What is required — Please restate each line of the data below exactly. Omit all images.

Short text fragments from websites:
BEGIN

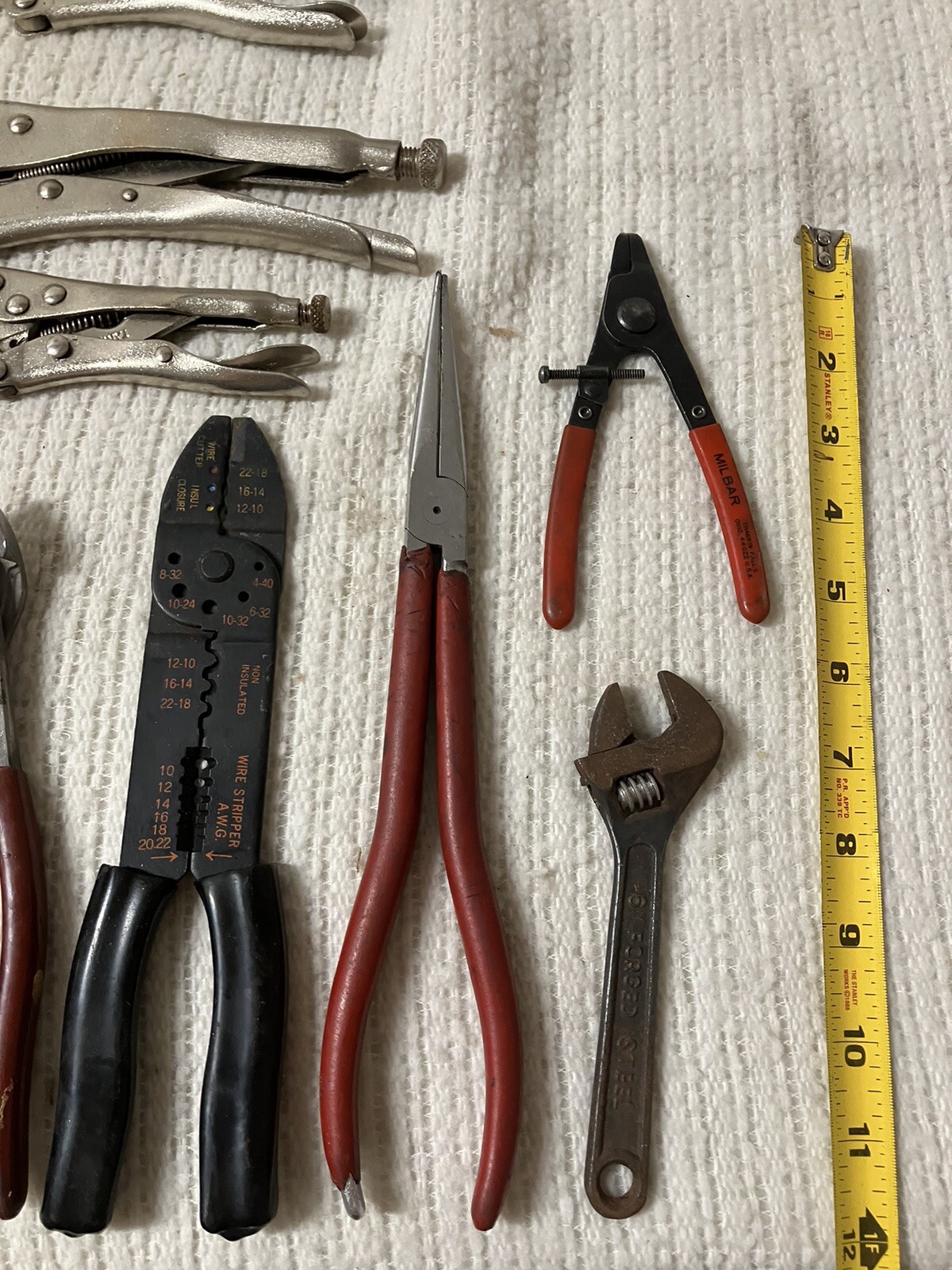 Lot of 14 Adjustable, Pliers, Cutter Vise Grip Needle Nose Water Pump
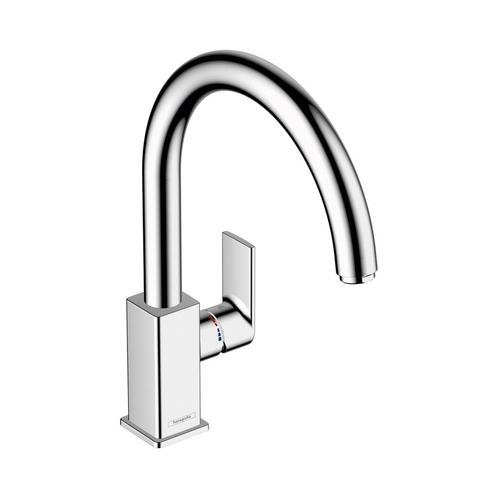 Keukenmengkraan HansGrohe Vernis Shape M35 Eengreeps Met, Doe-het-zelf en Verbouw, Sanitair, Kraan, Nieuw, Chroom, Ophalen of Verzenden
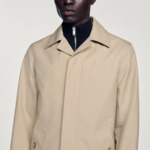 Imperméable mac en tissu technique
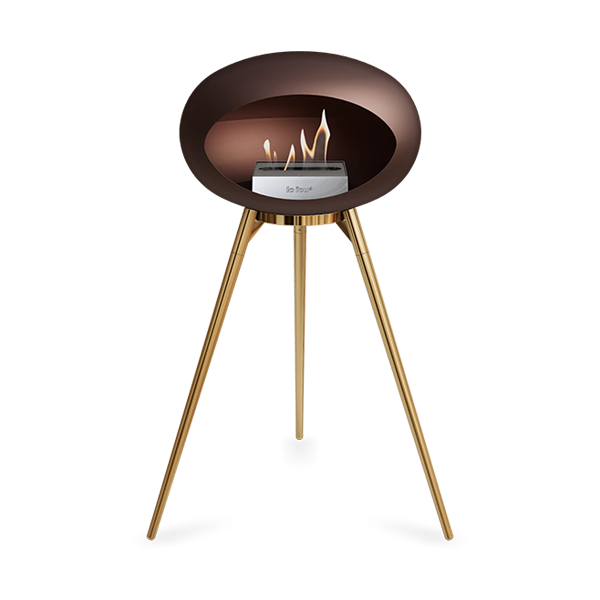 Le Feu Ground Wood High Mocca Rose Gold Ben Rose Gold Stel Stål Brænder : Erling Christensen Møbler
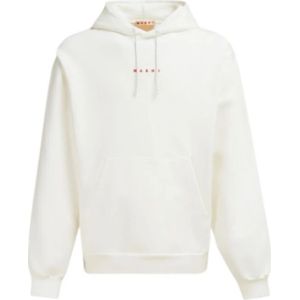 Marni, Heren, Sweatshirts & Hoodies, Wit, Maat: XL Katoen,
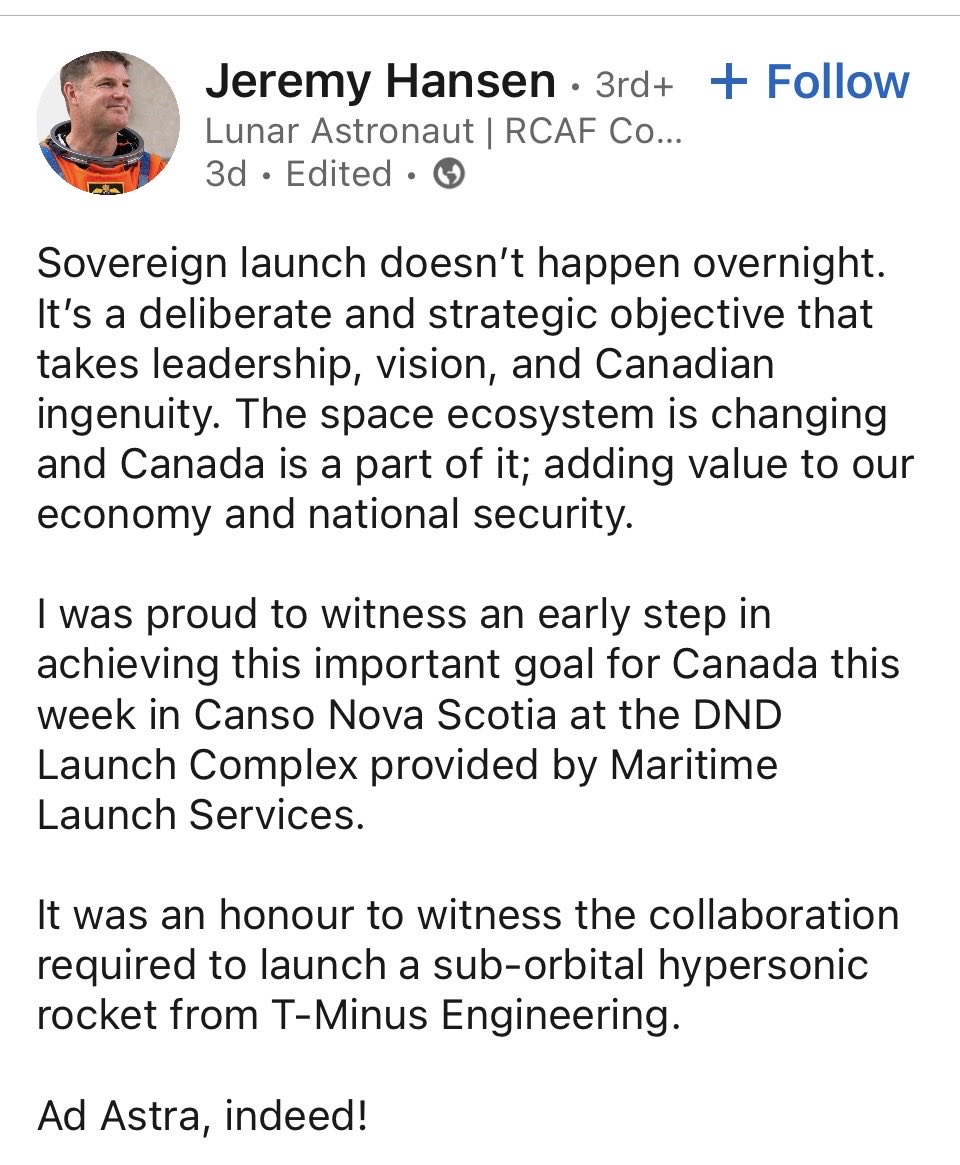 TRADERONETEN's tweet photo. I’m not sure a company could get a better endorsement from a better guy anywhere on earth. 
Maritime Launch is the real deal. 
#MAXQ,#RKLB,#SPCX https://t.co/MOULkXSV22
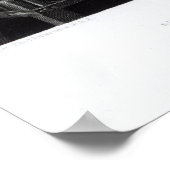 Portrait von Sir Robert Peel Poster (Ecke)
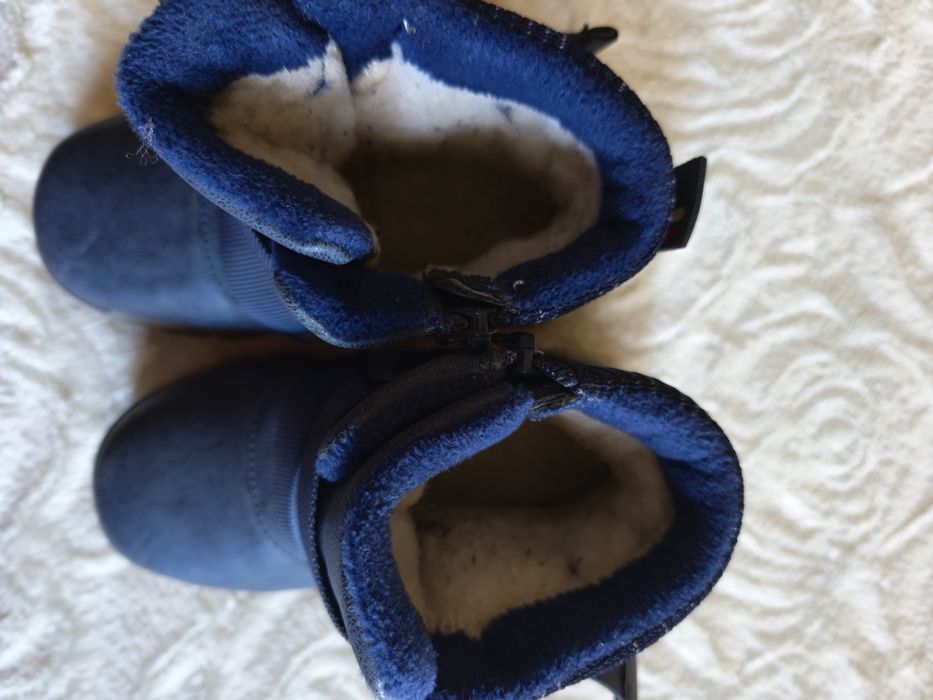 Тепленькиеисапожки на мальчика, размер 24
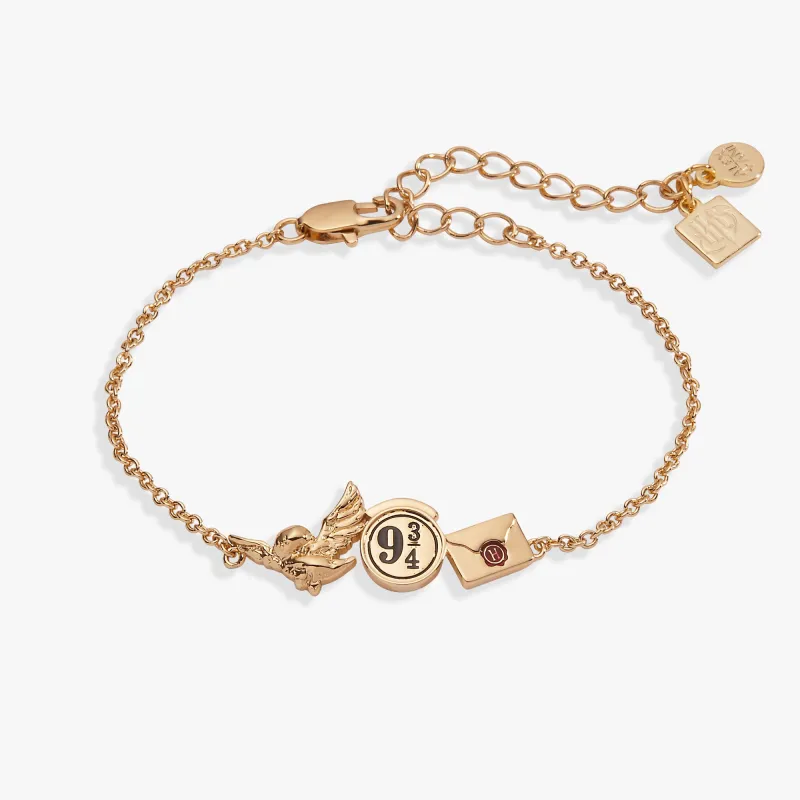 Harry Potter™ Platform 9 3/4 Cluster Bracelet made by Alex and Ani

END

Answer for the task —
 Lot of 14 Adjustable, Pliers, Cutter Vise Grip Needle Nose Water Pump
 Keukenmengkraan HansGrohe Vernis Shape M35 Eengreeps Met, Doe-het-zelf en Verbouw, Sanitair, Kraan, Nieuw, Chroom, Ophalen of Verzenden
 Imperméable mac en tissu technique
 Le Feu Ground Wood High Mocca Rose Gold Ben Rose Gold Stel Stål Brænder : Erling Christensen Møbler
 Marni, Heren, Sweatshirts & Hoodies, Wit, Maat: XL Katoen,
 TRADERONETEN's tweet photo. I’m not sure a company could get a better endorsement from a better guy anywhere on earth. 
Maritime Launch is the real deal. 
#MAXQ,#RKLB,#SPCX https://t.co/MOULkXSV22
 Portrait von Sir Robert Peel Poster (Ecke)
 Тепленькиеисапожки на мальчика, размер 24
 Harry Potter™ Platform 9 3/4 Cluster Bracelet made by Alex and Ani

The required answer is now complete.